03/02/2010
Scène de métro
Hier soir vers vingt heures. Dans le métro, corps emmitouflés, visages pâles et fatigués. Le poids de la journée, du manque de lumière, du froid, de l'anonymat. Ma voisine, une jolie jeune femme blonde, s'est assise en abrégeant sur son portable une conversation apparemment un peu tendue. La rame démarre, chacun retombe en soi.
Sa guitare sous le bras, l'homme est monté à la station Place d'Italie. En pinçant doucement les cordes, il se met à chanter paisiblement en anglais un petit air au rythme brésilien. Je laisse mon livre pour lever les yeux vers lui. Il a un visage large, presque rond. Et, surtout, un merveilleux sourire, un de ces sourires solaires qui sont l'apanage de nos amis africains. Le regarder fait du bien, quand même on serait sourd et quand bien même je ne comprends rien aux paroles de sa chanson. Celle-ci achevée, il ouvre posément une petite bourse de cuir et passe parmi nous, ce même sourire offert à tous sans condition. Lorsqu'il revient, ma voisine lui tend un paquet de cigarettes. "Tenez, dit-elle, ce n'est pas de l'argent, c'est un cadeau." Toujours souriant, l'homme lève un sourcil interrogateur. "Prenez-le, il y a bien un moment où il faut se décider à arrêter."
Petite étincelle d'humanité, petite échange de chaleur, où des inconnus se regardent, se disent trois paroles, et on se sent bien... Faire société, ce serait aussi simple ?
00:05 | Lien permanent | Commentaires (3) | Tags : transports, vie quotidienne
08/12/2009
Hommage à Alfred Sauvy
C'est plus par résonance avec une autre tournure de pensée que par gavage organisé qu'on se met à développer son esprit. C'est pourquoi, les cours de philo, généralement réduits à l'acquisition de noms, de dates et de concepts désincarnés, sont désespérants. C'est pourquoi, selon moi, derrière le mot « philosophe », se cachent deux sortes très différentes d'esprit. Il y a les érudits, ceux qui peuvent citer Kant, Thomas d'Aquin ou Euphrasiate de Nébule dans le texte et à la virgule près - en nous donnant même en prime la page et l'année. Pour moi, ce sont des encyclopédies, des rayonnages d'informations - mais pas des philosophes. Puis il y a ceux, qui peuvent être tout aussi érudits - n'est-ce pas Eugénie ? - qui savent mettre les autres esprits en questionnement. Ceux-là sont pour moi les vrais philosophes. Ils nous sauvent de cette activité intellectuelle mécanique qui se fait passer pour de la pensée et qui n'est qu'une chaîne de montage industrielle.
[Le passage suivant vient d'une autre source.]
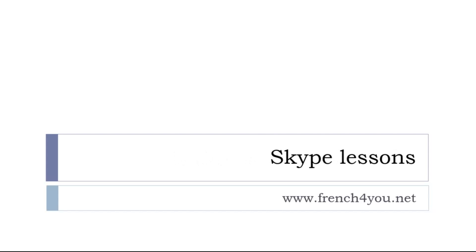And last but not least, if you need to go faster, if you want some Skype lessons, it's possible. Let's try to find a convenient time for you and for me. And so just send me something through french4you.net. Well, that's it. Thank you very much. Au revoir et à bientôt.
Mais il y a aussi des esprits qui, sans faire profession de philosophie, manifestent une telle liberté de la pensée, une si rigoureuse recherche de la vérité, que les lire ou les entendre nous éveille. Et, là, je voudrais rendre hommage à Alfred Sauvy dont les articles puis les livres ont titillé ma jeune cervelle et l'ont sans doute encouragée à l'indiscipline. Je me souviens précisément de trois sujets qu'il abordait fréquemment, sans la moindre concession à l'esprit du temps.
Alfred Sauvy avait d'abord remarqué que, sous l'Occupation, hormis les faits de violence et malgré le rationnement, la santé des Français avait été meilleure qu'avant la guerre. Je me souviens qu'il expliquait cela par deux causes : d'une part, la frugalité obligée de l'alimentation, d'autre part la réalité du danger extérieur. Celle-ci chassait en quelque sorte les sécrétions dont l'âme en proie à elle-même s'empoisonne, tandis que celle-là allégeait les corps, le système digestif et le système cardiovasculaire. C'est en écrivant une précédente chronique - Cauchemar - que m'est revenue en mémoire ma lointaine filiation intellectuelle avec Alfred Sauvy.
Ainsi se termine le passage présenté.